Image-caption web data:
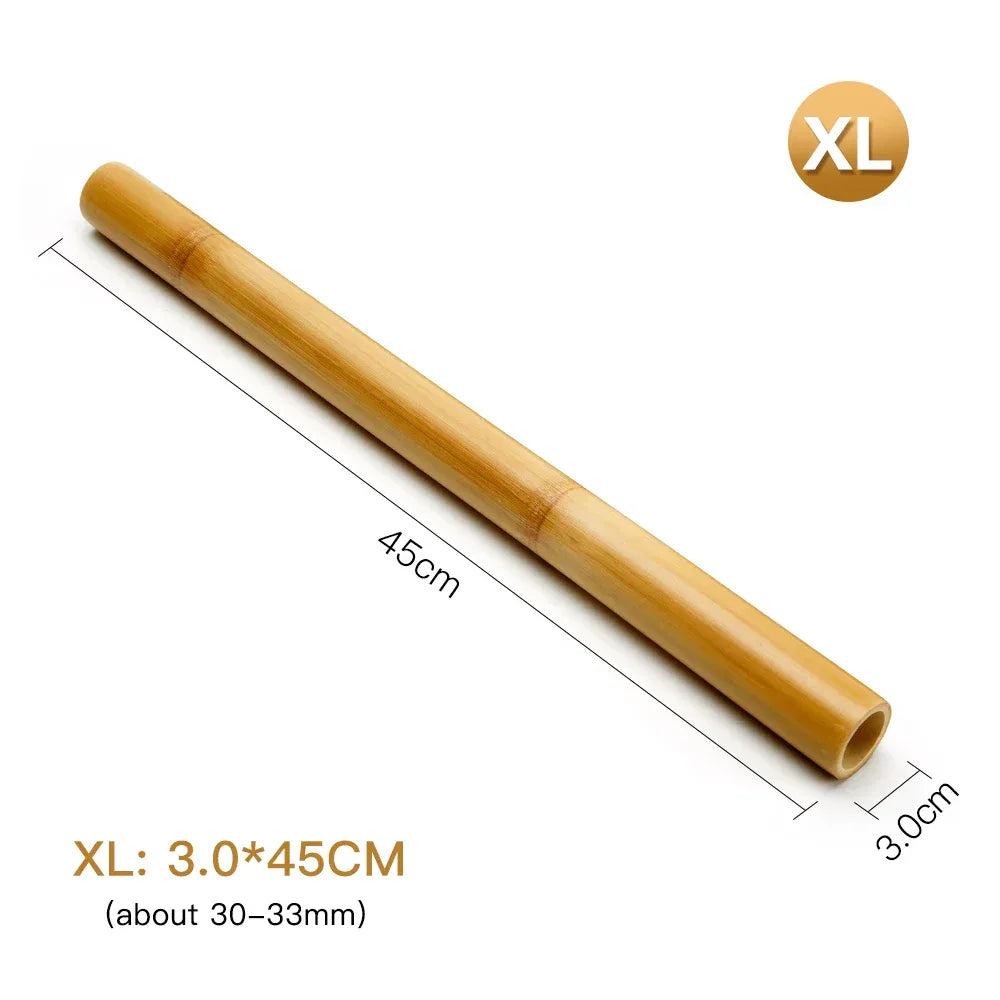 Natural Bamboo Massage Sticks Wood Therapy Anti Cellulite Gua Sha Massager Muscle Pain Relief Maderoterapia Scraping Tool XL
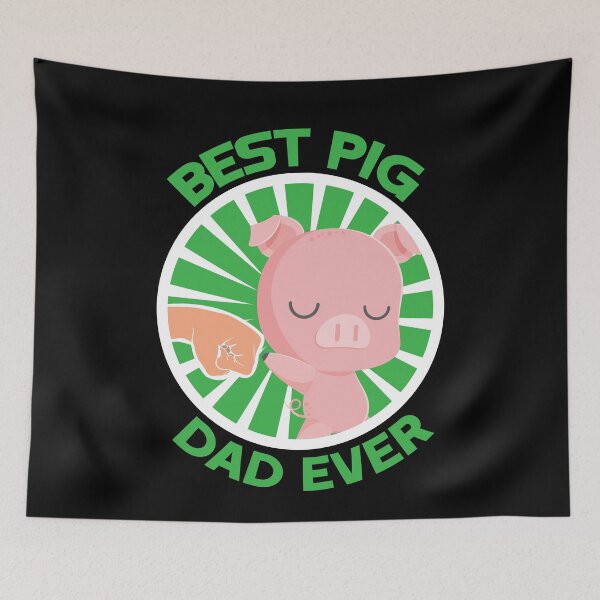 Item preview, Best domestic pig dad designed and sold by Myshelter.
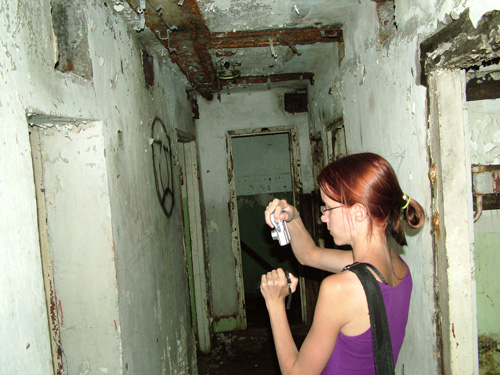 Me inside an abandoned buildin, Paldiski.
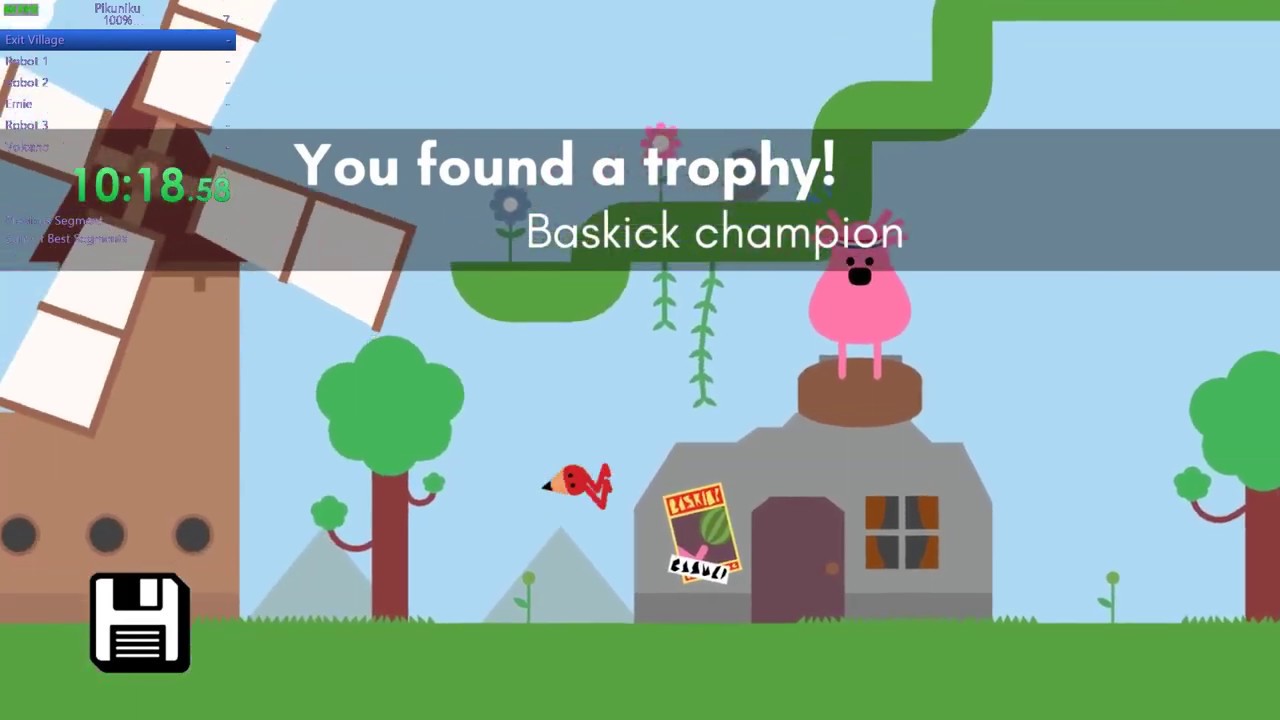 Pikuniku 100% in 1:08:39(1:07:46 Timing Change)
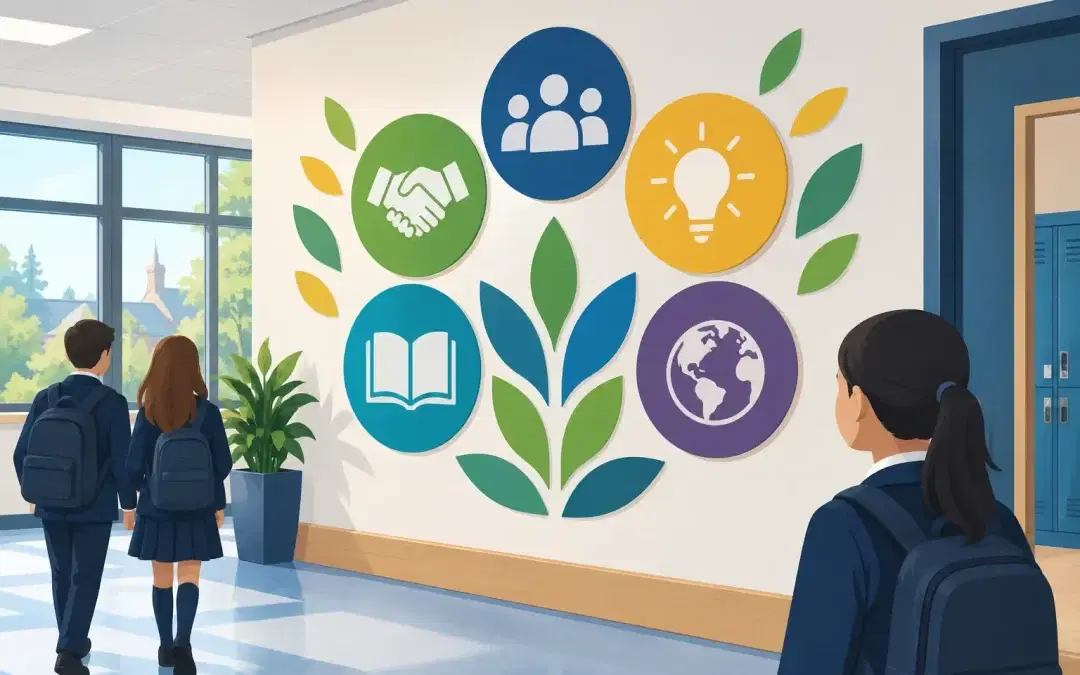 School Core Values Wall Display Ideas That Last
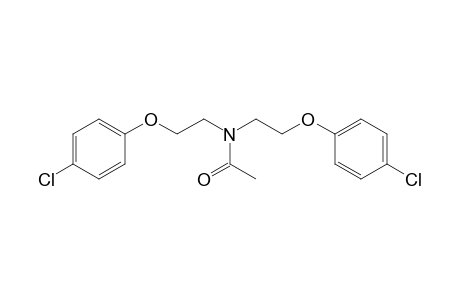 N,N-bis[2-(p-chlorophenoxy)ethyl]acetamide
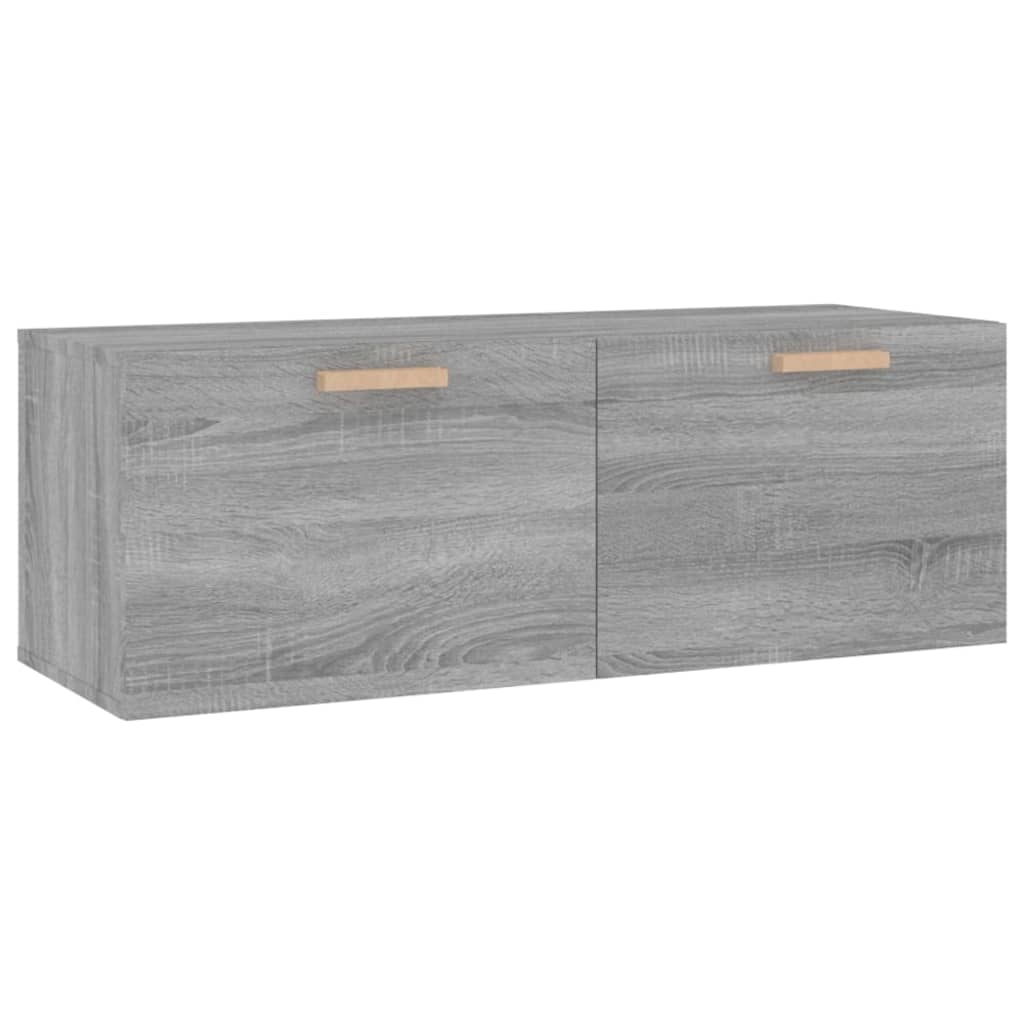 Wall Cabinet Grey Sonoma 100x36.5x35 cm Wood Material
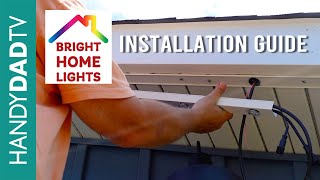 How to install Permanent Holiday Lighting Bright Home Lights [upl. by Ellehsyt]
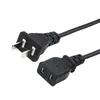 Cable de Extensión de Alta Potencia para Comercio Transfronterizo Cable de Extensión de Alimentación Cable de Extensión de Alimentación de Dos Clavijas Núcleo de Cobre de 0.75 Cuadrados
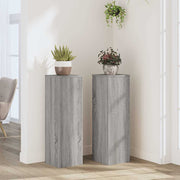 Stalci za biljke 2 kom boja hrasta 25x25x80cm konstruirano drvo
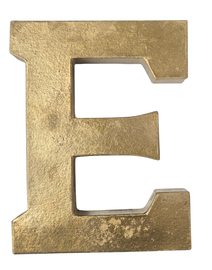 DECOPATCH AC856C LITERA DUŻA "E" 20 CM KOLOR ZŁOTY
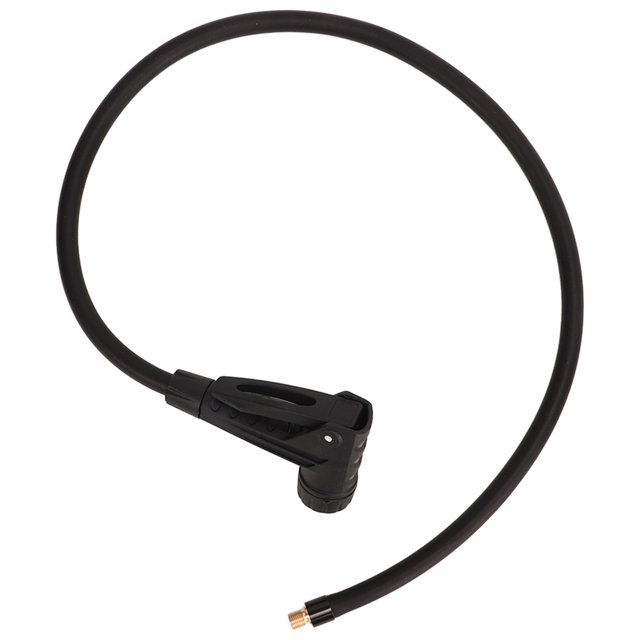 Tubo de extensión de bomba de inflado de aire de 60cm, conector adaptador de boquilla de bomba de neumáticos 2 en 1 para inflador de aire de coche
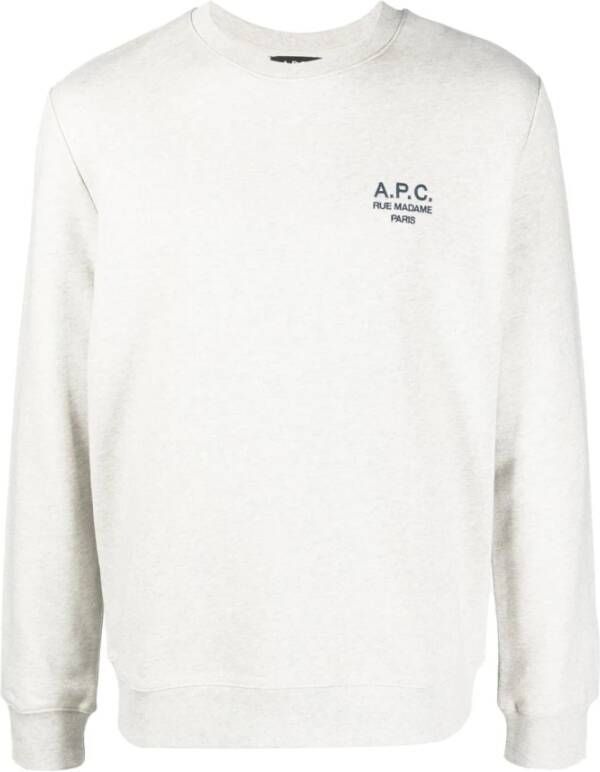 A.p.c. Zachte katoenen trui met geborduurd logo White
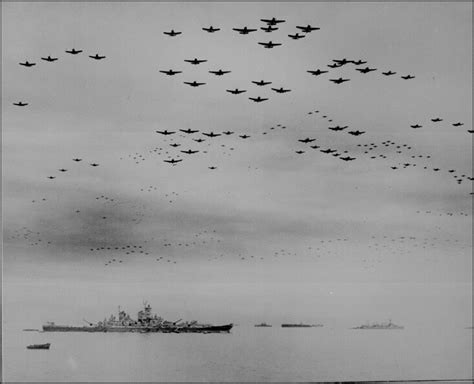 Japanese Bomber Planes in Formation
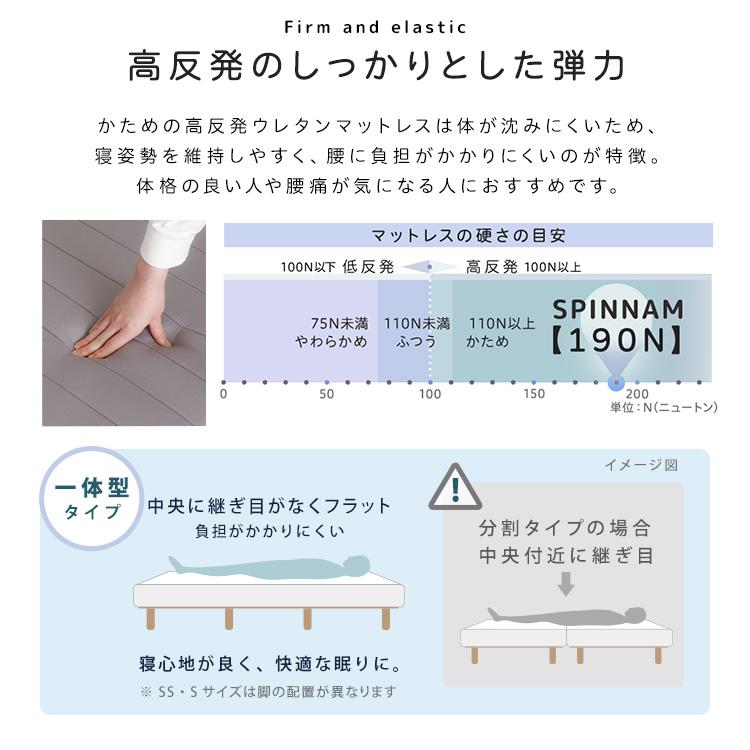 ホームテイスト 脚付きウレタンロールマットレスSPINNAM-スピンナム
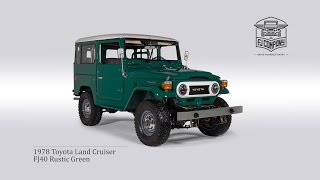 1978 Toyota Land Cruiser FJ40 Rustic Green Restoration Process FullHD [upl. by Ebanreb]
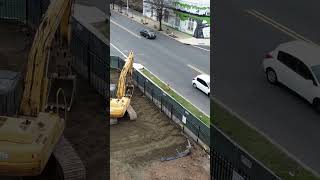 Drone Video of Contractors at Work Site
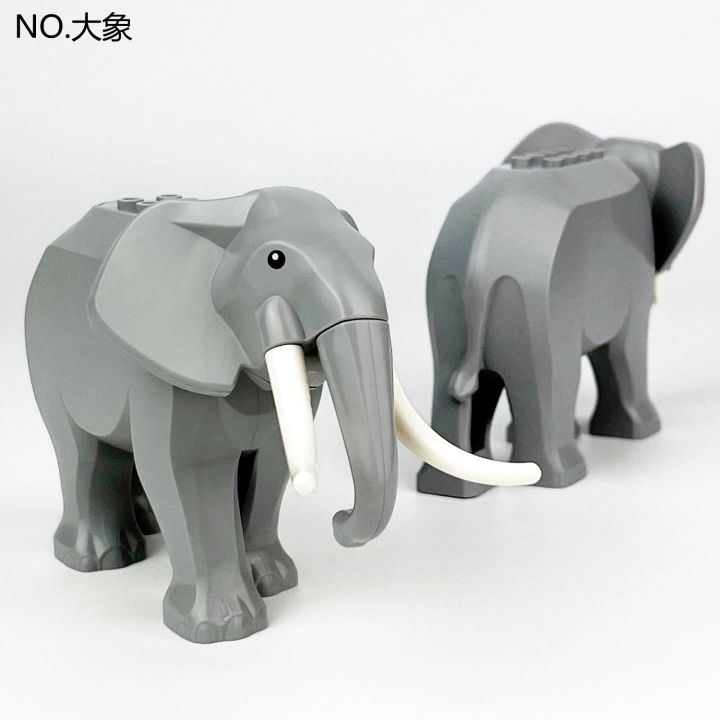 NEW%20Animals%20World%20Scene%20Elephant%20Male%20Elephant%20Camel%20Elk%20Gorilla%20Giraffe%20Horse%20Parts%20Building%20Blocks%20Model%20Sets%20Bricks%20Kids%20Kits%20-%20Image%203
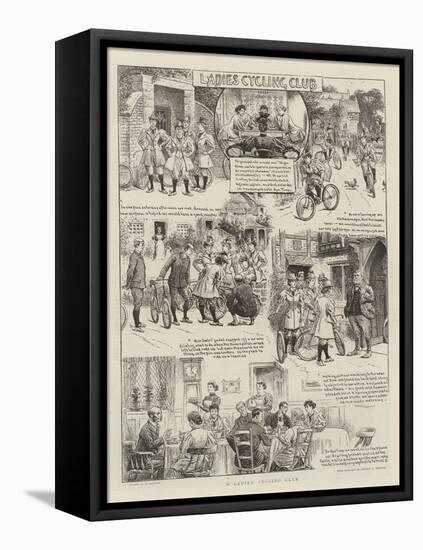 A Ladies' Cycling Club-William Ralston-Framed Stretched Canvas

- _Exercise_
Working from the data above, repeat exactly, and only, the lines that begin at the line containing "Wall Cabinet Grey" and stop after the line containing "Drone Video of Contractors at Work Site"; pictures are not copied.

- _Written response_
 Wall Cabinet Grey Sonoma 100x36.5x35 cm Wood Material
 How to install Permanent Holiday Lighting Bright Home Lights [upl. by Ellehsyt]
 Cable de Extensión de Alta Potencia para Comercio Transfronterizo Cable de Extensión de Alimentación Cable de Extensión de Alimentación de Dos Clavijas Núcleo de Cobre de 0.75 Cuadrados
 Stalci za biljke 2 kom boja hrasta 25x25x80cm konstruirano drvo
 DECOPATCH AC856C LITERA DUŻA "E" 20 CM KOLOR ZŁOTY
 Tubo de extensión de bomba de inflado de aire de 60cm, conector adaptador de boquilla de bomba de neumáticos 2 en 1 para inflador de aire de coche
 A.p.c. Zachte katoenen trui met geborduurd logo White
 Japanese Bomber Planes in Formation
 ホームテイスト 脚付きウレタンロールマットレスSPINNAM-スピンナム
 1978 Toyota Land Cruiser FJ40 Rustic Green Restoration Process FullHD [upl. by Ebanreb]
 Drone Video of Contractors at Work Site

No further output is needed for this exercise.